John Derbyshire has been banished from National Review. “Parting Ways” by editor Rich Lowry provides the rationale, and, sadly, it makes some sense.
Derb, as he is familiarly known, is someone we refer to as a “paleoconservative.” As in, a conservative before it was cool, and a conservative back in the day when one was pretty likely to be an anti-Semite, anti-black, anti-foreigner (except for WASPs).
But a paleoconservative can also be one who does not compromise on the conservative virtues of individual liberty, economic freedom, limited government, and personal responsibility. My reading of Derb showed him to be basically that kind of paleo.

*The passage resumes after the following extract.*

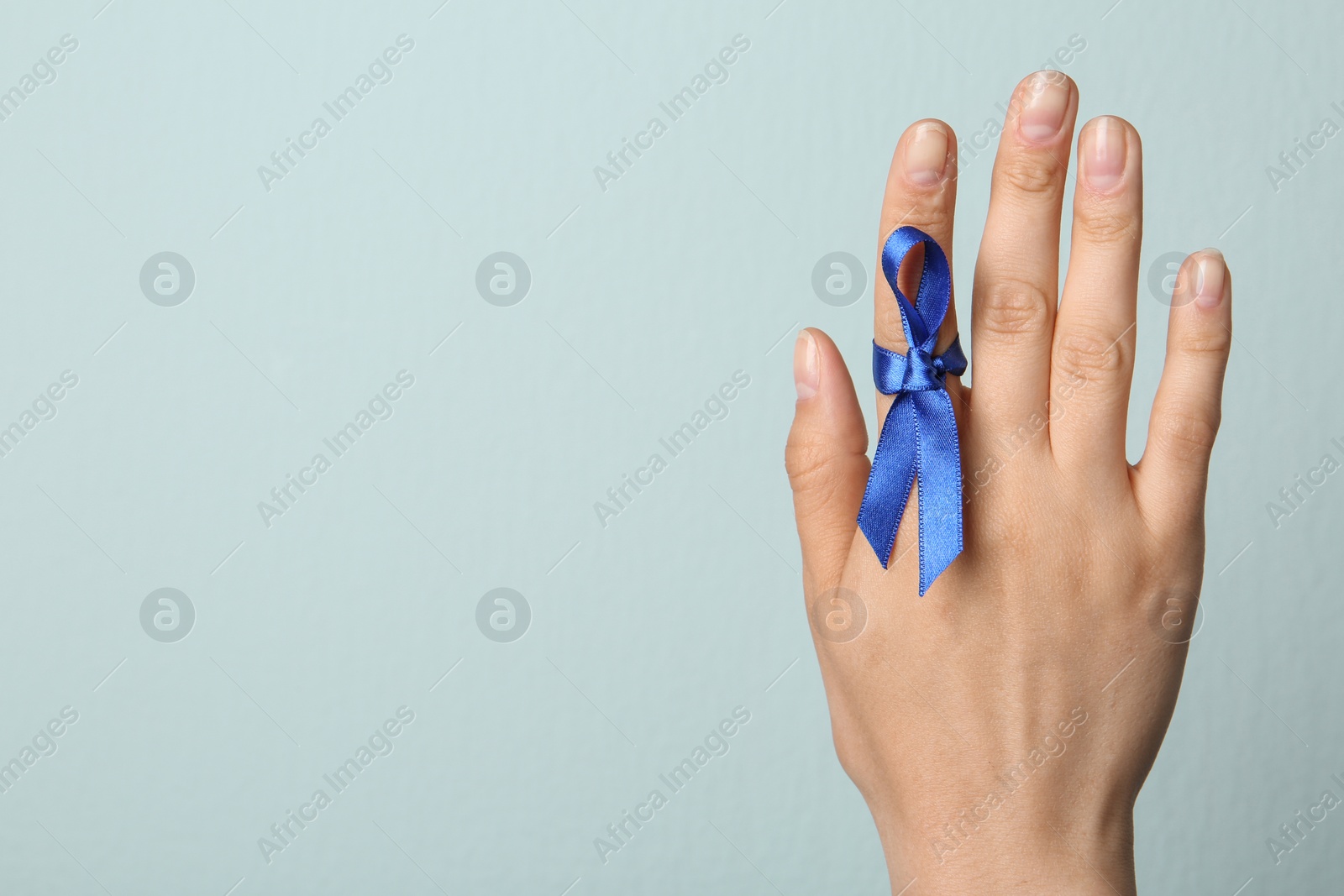 Photo of Woman with blue ribbon on finger against light background, closeup. Symbol of social and medical issues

And yet, there was always something about some of his writings that approached screeds, especially when it came to those of us who happen to be believing Christians. In short, I had a love/cringe relationship with Derbyshire’s works. He has spoken uncomfortable truths, but too often he gets into cringe-worthy episodes that do harm. This latest was the proverbial straw.
Just as Joe Sobran had to go, and Pat Buchanan before him, Derb’s time at NR was finally up. The first time an NRO piece linked to Taki webzine (I will not link to this), I scratched my head and wondered, “what’s a nice conservative like John Derbyshire doing in this retrograde intellectual slum?”
Sadly, his firing from NR will merely feed those who would deny some of the undeniable facts that Derb brings to light (e.g. about rates of black incarceration and criminality).
But there’s a civil, and an uncivil method when dealing with facts. Derb erred too often on the side of incivility.